Nature examines – and possibly answers – a long-standing archaeological puzzle. How did a bunch of unrelated paleolithic people in different parts of the world develop the same technological tricks at the same time? They didn’t have little caveman radios, did they? No. It might just be that it steam engines when it’s steam-engine time, and we all figure out how to cut rocks when it’s rock-cutting time:

In the 1990s, archaeologists proposed that the Levallois method first evolved in Africa, and that it became widespread after a group of hominids migrated to Europe and Asia and carried it with them…. It assumed that the superior method would quickly replace the simpler bifacial technique that had been used for the previous million years.
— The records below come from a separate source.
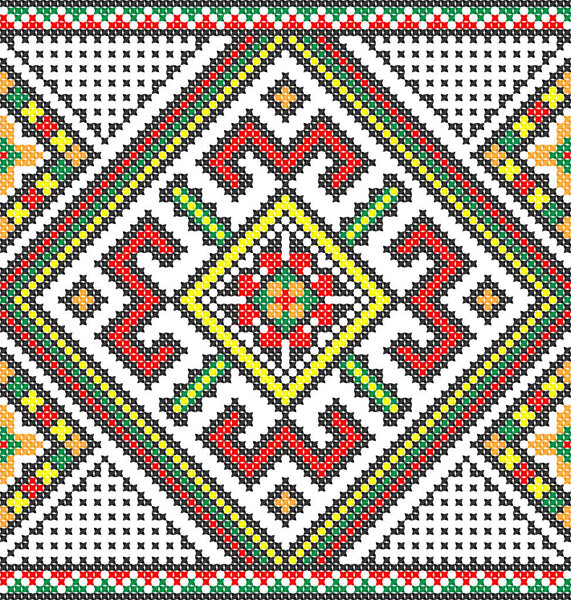 embroidered old handmade cross-stitch ethnic Ukraine pattern. Ukrainian towel with ornament. Rushnyk style in vector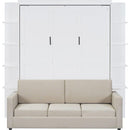 Queen Size Murphy Bed Wall Bed with Sofa,White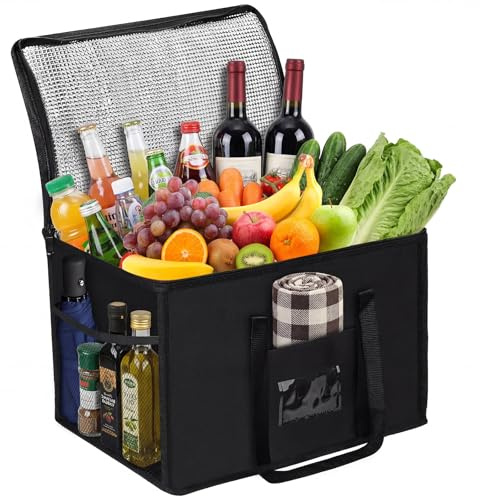 ChioSun 40L Large Foldable Cooler Bag, Reusable Insulated Food Delivery Bag | Durable Picnic Bags with Padded Handles - Insulated Bags for Picnic, Beach, Travel, Camping, BBQ & Grocery Food Shopping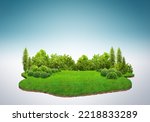 Travel and vacation background. 3d illustration with cut of the ground and the grass landscape. The trees on the island. eco design concept.
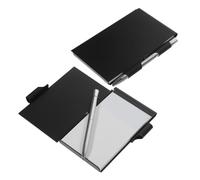 COHEALI Cuaderno Pequeño de Aluminio con Tapa Abatible y Bolígrafo, Bloc de Notas Portátil Metal 2 Pcs para Oficina y Viajes, Mini Libreta con Páginas Recambiables Negra, Práctico Bloc
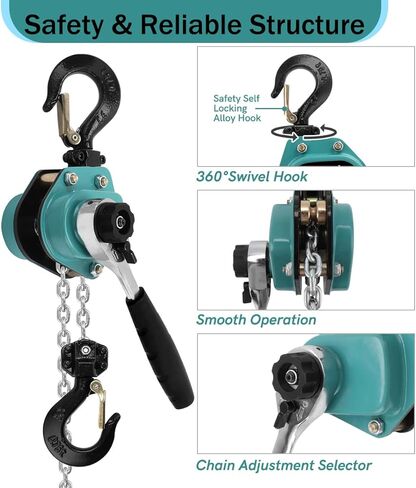 رافعة سلسلة فولغوتونيت 3/4 طن بسعة 1650 رطل، سلسلة سقوط 10 أقدام ارتفاع الرفع G80 سلسلة فولاذية تأتي على طول، 0.75 طن رافعة سلسلة رافعة يدوية للكراجات والمستودعات وورش العمل والمواقع الصناعية in Kuwait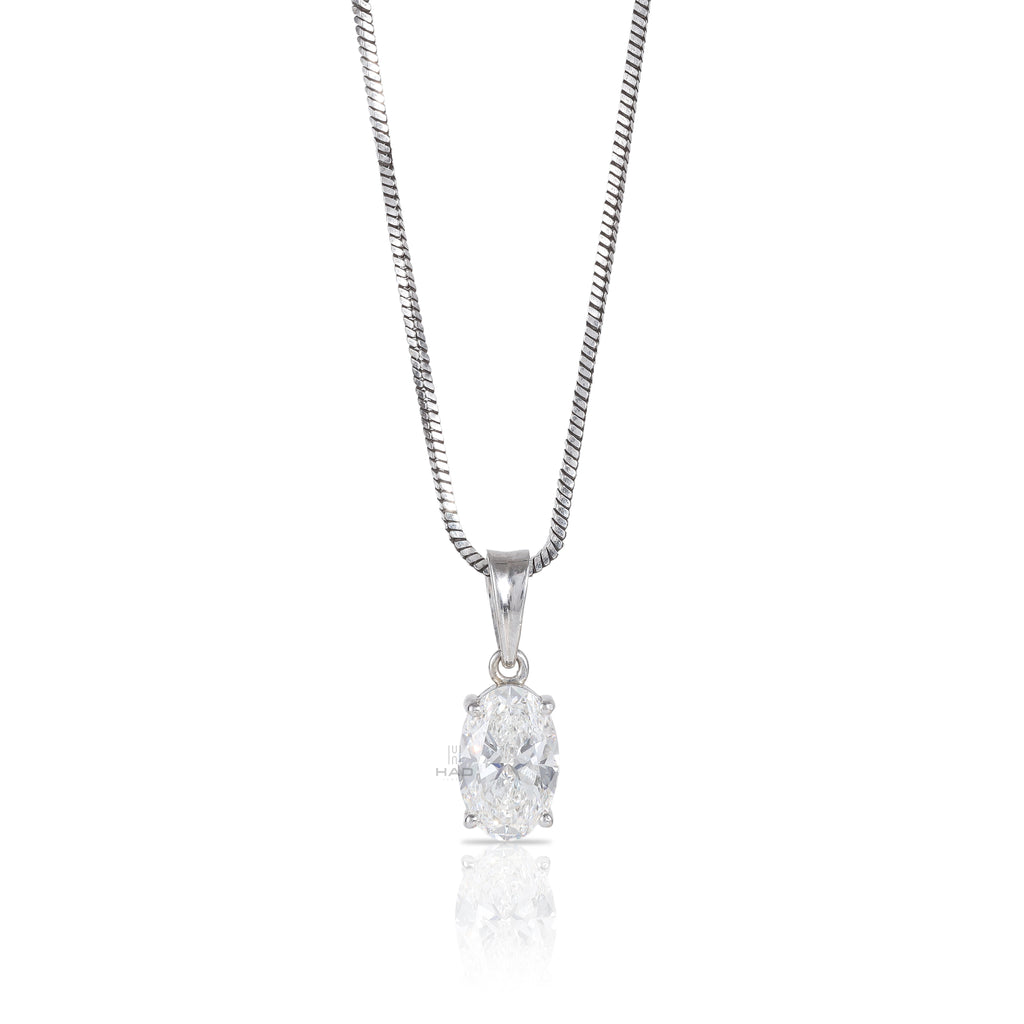 Oval Cut Lab Diamond Four Prong Solitaire Pendant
But the idea was controversial because it invoked an unproven migration of unknown hominids out of Africa, and did not explain why some Levallois tools found in Eurasia are smaller, or otherwise different, from African ones.

The latest research, led by palaeolithic archaeologist Daniel Adler at the University of Connecticut in Storrs, is based on an excavation at Nor Geghi between 2008 and 2009.

Using chemical analysis they were also able to work out that the obsidian (a type of volcanic rock) that the Stone Agers used for tools came, in part, from various local sources, but also from sources up to 120 kilometres away. But the team was particularly surprised to find a mixture of tools made using both technologies.

“We wouldn’t have found this mixture if the Levallois technology had simply replaced the old method,” says Adler. “The communities probably worked out for themselves how to make bifacial tools and then it was a short step to the Levallois method.”